Task to carry out
The answer must consist of every line from the entries that holds the word "Used".

Records supplied
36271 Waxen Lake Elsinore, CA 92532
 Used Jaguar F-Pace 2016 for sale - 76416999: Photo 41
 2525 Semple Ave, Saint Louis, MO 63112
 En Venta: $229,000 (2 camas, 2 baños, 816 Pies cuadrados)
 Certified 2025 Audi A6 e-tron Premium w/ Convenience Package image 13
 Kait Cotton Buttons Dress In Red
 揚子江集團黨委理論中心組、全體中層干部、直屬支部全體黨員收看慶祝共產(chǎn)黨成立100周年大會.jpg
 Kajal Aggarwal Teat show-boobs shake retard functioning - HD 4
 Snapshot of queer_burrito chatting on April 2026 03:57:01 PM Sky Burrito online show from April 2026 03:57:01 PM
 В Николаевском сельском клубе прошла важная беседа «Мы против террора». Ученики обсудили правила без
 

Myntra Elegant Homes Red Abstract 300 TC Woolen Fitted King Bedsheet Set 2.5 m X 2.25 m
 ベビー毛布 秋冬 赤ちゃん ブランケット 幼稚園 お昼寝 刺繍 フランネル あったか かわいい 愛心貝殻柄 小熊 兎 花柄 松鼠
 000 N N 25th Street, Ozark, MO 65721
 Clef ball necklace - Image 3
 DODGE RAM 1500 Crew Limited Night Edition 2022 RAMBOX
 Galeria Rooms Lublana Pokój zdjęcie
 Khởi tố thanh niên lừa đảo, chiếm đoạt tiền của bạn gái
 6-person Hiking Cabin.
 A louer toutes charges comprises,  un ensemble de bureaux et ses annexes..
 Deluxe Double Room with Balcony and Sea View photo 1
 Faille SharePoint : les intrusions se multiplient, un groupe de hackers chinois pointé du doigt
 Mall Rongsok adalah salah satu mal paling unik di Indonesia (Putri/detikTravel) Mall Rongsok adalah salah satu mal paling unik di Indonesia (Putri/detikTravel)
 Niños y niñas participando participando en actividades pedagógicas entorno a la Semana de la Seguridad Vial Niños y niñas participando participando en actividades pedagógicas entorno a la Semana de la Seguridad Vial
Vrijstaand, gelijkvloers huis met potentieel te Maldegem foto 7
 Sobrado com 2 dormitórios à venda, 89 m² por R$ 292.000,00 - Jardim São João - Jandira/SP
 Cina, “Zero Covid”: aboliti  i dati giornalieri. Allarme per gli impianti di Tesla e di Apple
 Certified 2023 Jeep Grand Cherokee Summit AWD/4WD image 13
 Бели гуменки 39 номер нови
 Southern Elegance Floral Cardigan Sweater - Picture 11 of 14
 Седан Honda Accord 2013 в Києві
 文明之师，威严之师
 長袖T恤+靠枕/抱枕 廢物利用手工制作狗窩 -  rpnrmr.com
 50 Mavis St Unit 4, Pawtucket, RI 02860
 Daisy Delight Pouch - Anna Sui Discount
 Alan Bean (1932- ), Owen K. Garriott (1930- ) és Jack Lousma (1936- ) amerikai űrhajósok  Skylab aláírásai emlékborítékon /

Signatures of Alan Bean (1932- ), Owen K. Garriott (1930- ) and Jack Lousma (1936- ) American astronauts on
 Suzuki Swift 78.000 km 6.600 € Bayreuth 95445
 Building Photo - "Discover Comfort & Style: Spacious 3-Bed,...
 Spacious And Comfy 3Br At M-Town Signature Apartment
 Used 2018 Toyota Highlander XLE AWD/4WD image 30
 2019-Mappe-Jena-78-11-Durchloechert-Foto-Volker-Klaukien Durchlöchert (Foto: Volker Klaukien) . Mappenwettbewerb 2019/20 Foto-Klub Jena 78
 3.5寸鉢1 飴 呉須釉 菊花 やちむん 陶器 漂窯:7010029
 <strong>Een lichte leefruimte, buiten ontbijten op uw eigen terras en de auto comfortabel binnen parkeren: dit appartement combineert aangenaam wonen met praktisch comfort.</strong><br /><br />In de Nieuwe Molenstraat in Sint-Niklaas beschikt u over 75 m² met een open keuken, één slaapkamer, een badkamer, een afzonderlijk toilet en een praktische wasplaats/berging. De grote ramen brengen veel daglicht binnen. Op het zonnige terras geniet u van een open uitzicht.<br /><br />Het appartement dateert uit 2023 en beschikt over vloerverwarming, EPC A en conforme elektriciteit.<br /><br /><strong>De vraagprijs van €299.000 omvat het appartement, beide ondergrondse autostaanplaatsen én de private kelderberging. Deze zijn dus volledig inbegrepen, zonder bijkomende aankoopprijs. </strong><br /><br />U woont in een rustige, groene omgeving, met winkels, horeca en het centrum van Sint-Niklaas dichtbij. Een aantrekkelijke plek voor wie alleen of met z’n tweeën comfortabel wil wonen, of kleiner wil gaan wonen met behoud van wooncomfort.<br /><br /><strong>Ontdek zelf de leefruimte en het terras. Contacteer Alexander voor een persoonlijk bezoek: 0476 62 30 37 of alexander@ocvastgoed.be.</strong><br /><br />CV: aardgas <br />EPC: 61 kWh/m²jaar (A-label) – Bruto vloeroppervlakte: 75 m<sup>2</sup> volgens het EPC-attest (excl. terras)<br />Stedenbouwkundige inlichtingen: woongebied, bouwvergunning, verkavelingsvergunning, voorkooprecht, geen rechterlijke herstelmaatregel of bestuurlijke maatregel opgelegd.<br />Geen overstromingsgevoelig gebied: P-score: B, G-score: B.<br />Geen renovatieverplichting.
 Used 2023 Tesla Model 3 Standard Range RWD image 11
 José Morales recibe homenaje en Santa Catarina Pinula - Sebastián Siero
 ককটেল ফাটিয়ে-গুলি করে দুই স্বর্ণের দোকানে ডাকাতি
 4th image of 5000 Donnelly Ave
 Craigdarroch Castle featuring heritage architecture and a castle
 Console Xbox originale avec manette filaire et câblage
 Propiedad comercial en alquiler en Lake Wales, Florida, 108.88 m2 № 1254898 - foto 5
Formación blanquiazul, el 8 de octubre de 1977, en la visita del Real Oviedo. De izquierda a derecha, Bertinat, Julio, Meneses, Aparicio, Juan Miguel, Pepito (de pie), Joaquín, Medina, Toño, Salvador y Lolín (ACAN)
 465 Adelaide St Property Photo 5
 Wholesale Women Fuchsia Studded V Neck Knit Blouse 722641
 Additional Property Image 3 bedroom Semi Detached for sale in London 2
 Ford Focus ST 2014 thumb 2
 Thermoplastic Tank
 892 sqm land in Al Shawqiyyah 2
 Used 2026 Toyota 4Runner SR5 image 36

Completed task
 Used Jaguar F-Pace 2016 for sale - 76416999: Photo 41
 Used 2018 Toyota Highlander XLE AWD/4WD image 30
 Used 2023 Tesla Model 3 Standard Range RWD image 11
 Used 2026 Toyota 4Runner SR5 image 36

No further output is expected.